Data in this exercise START

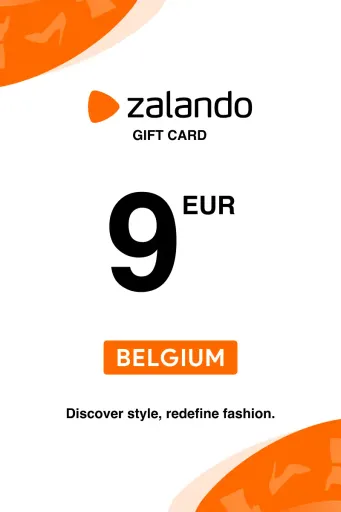 Zalando 9 EUR Gift Card (Belgium) - Digital Key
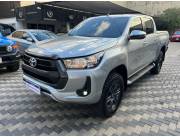 Toyota Hilux D/c 4x4 - 2022, 2.4 Diesel, Automática, 79.000km, Multimedia, Ficha Toyotoshi
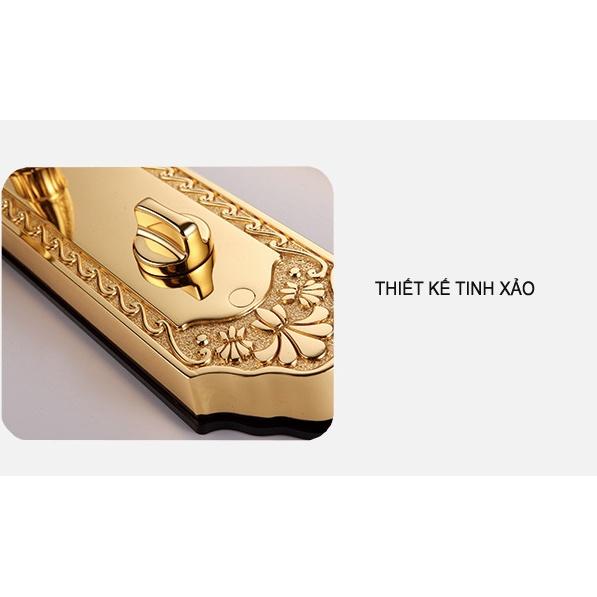 Khóa vân tay tân cổ điển Luxury MR4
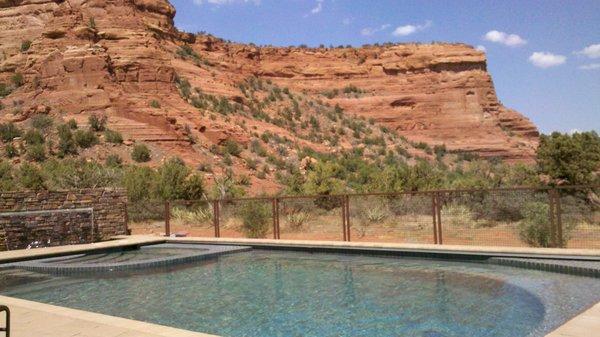 Custom designed pools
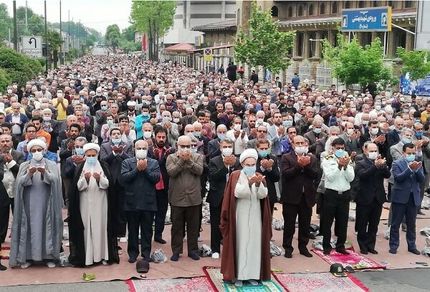 نماز عید فطر در بجنورد ساعت ۶ صبح آغاز خواهدشد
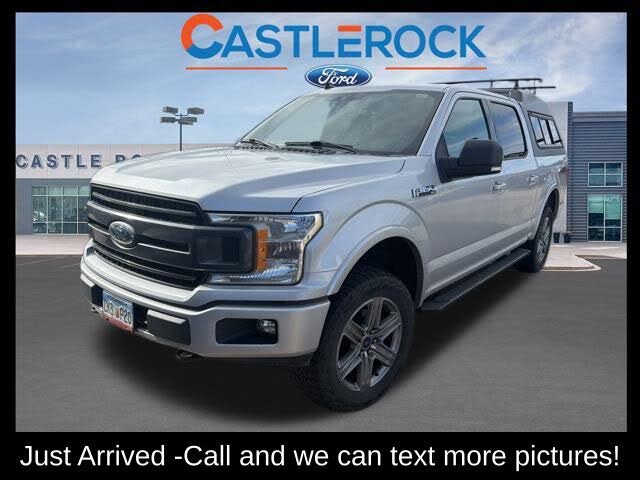 2019 Ford F-150 XLT SuperCrew 4WD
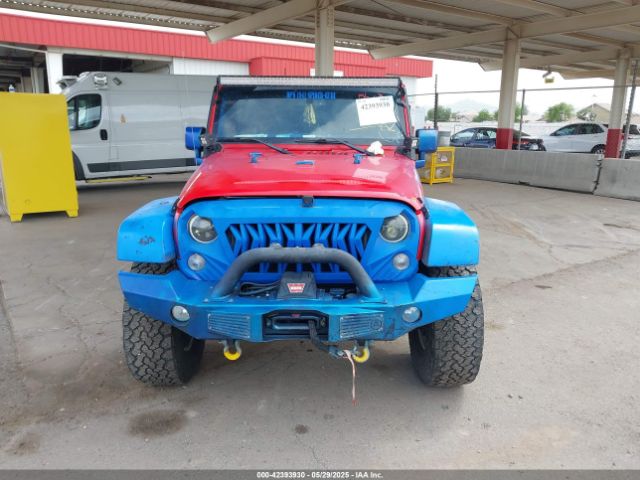 1C4BJWFG9GL137167 Jeep Wrangler Unlimited Rubicon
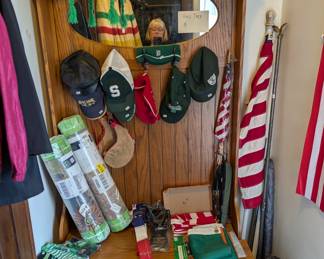 Hall Tree with storage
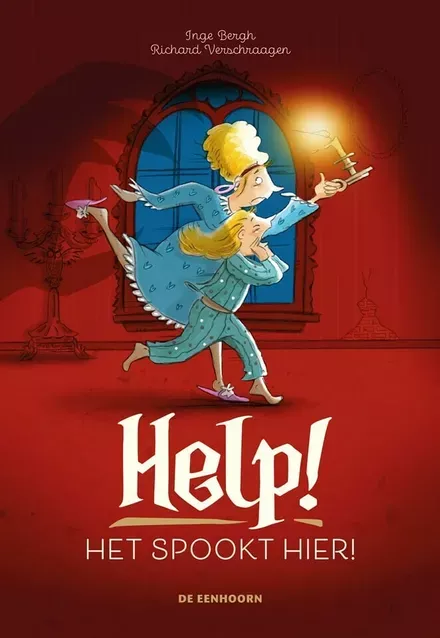 Cover van boek Help! Het Spookt Hier!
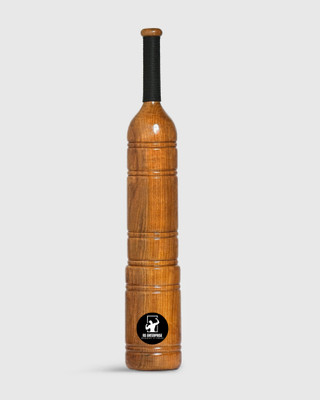 RS ENTERPRISE Balaram Premium Quality Mugdar| Indian Club | For Strength Training & Mobility Brown Indian Clubs(6 kg)
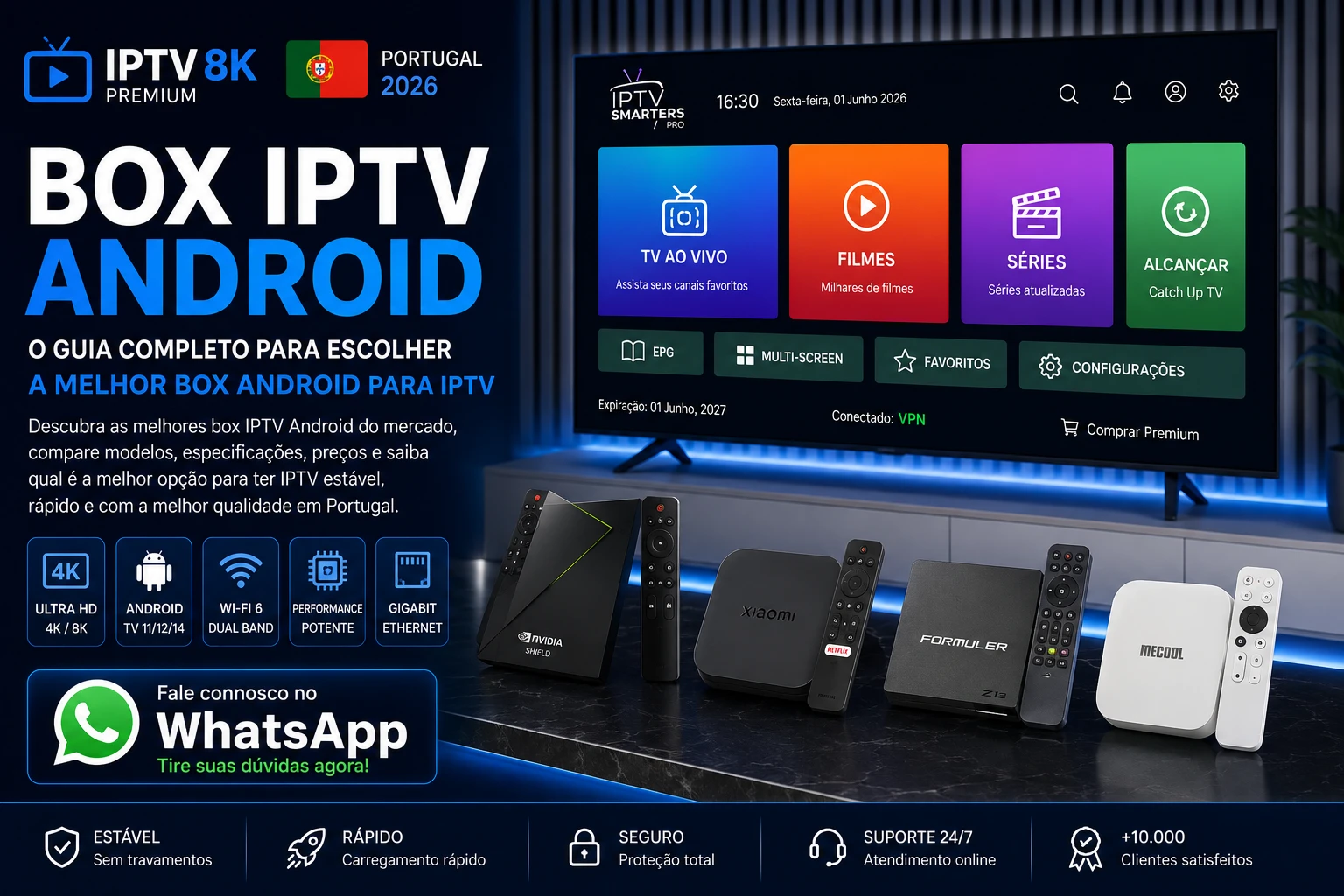 Box IPTV Portugal 2026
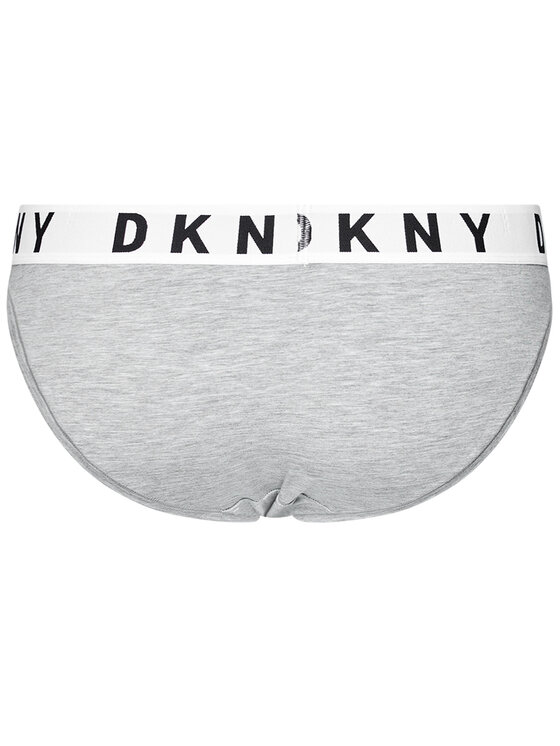 DKNY DKNY Klasične spodnje hlačke DK4513 Siva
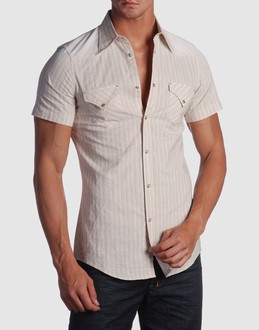 DSQUARED2 - メンズ - シャツ - 半袖シャツ on YOOX.COM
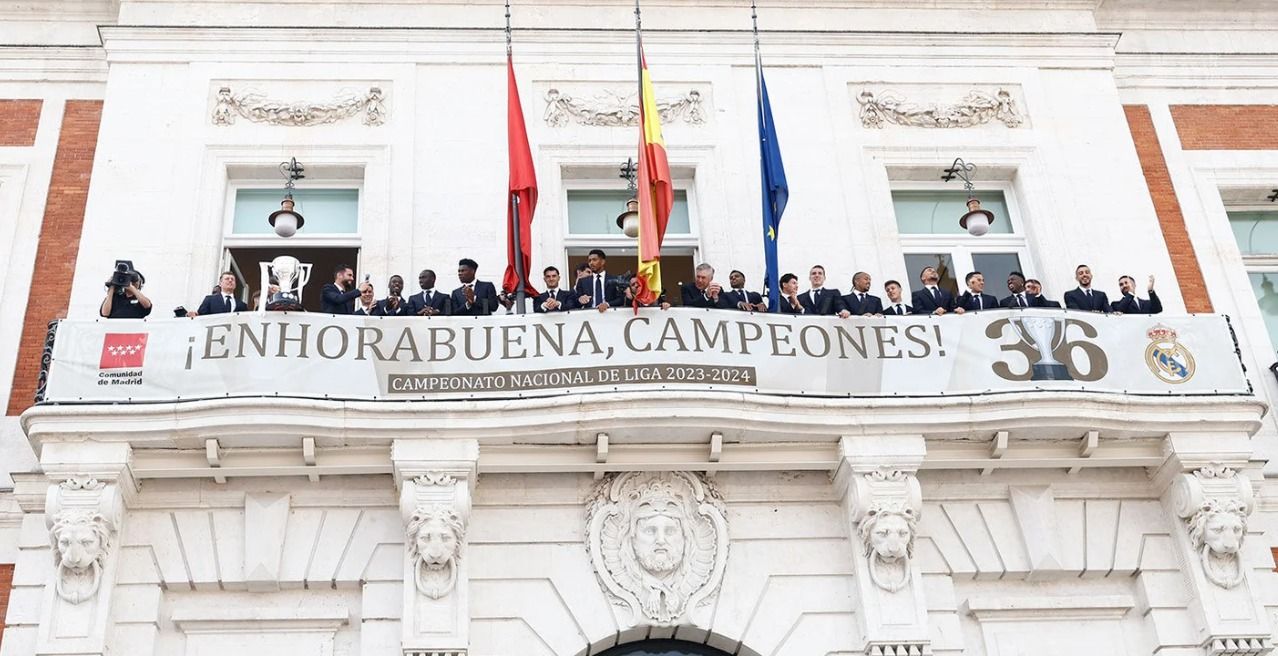 Реал відсвяткував перемогу в Ла Лізі разом з усім Мадридом 4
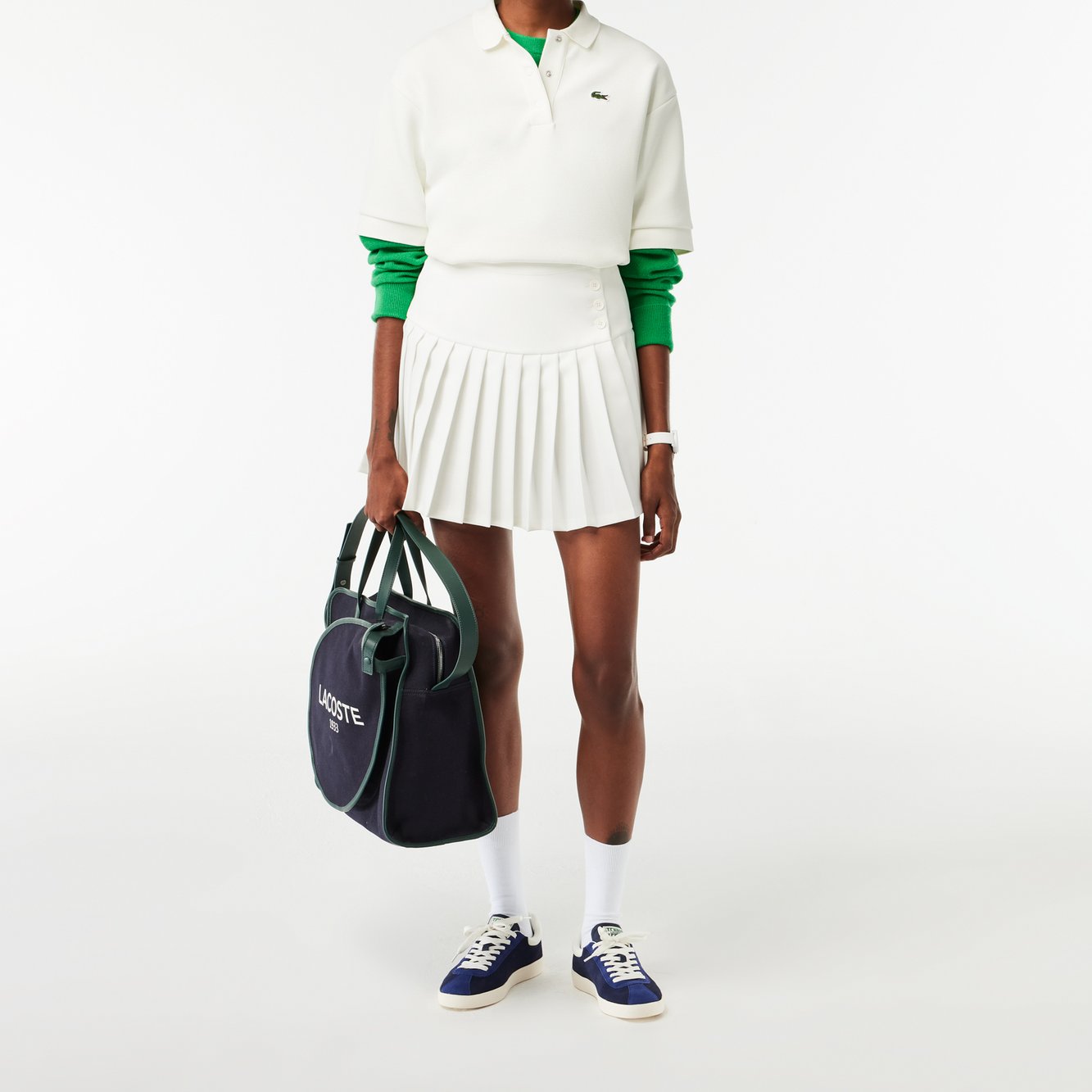 Polo femme Lacoste seconde main photo 2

Data in this exercise END

Assignment:
Please extract exactly the lines of the data, from the first through the line containing "DSQUARED2 - メンズ - シャツ - 半袖シャツ on YOOX.COM", and add no pictures to the copy.

Your solution:
 Zalando 9 EUR Gift Card (Belgium) - Digital Key
 Toyota Hilux D/c 4x4 - 2022, 2.4 Diesel, Automática, 79.000km, Multimedia, Ficha Toyotoshi
 Khóa vân tay tân cổ điển Luxury MR4
 Custom designed pools
 نماز عید فطر در بجنورد ساعت ۶ صبح آغاز خواهدشد
 2019 Ford F-150 XLT SuperCrew 4WD
 1C4BJWFG9GL137167 Jeep Wrangler Unlimited Rubicon
 Hall Tree with storage
 Cover van boek Help! Het Spookt Hier!
 RS ENTERPRISE Balaram Premium Quality Mugdar| Indian Club | For Strength Training & Mobility Brown Indian Clubs(6 kg)
 Box IPTV Portugal 2026
 DKNY DKNY Klasične spodnje hlačke DK4513 Siva
 DSQUARED2 - メンズ - シャツ - 半袖シャツ on YOOX.COM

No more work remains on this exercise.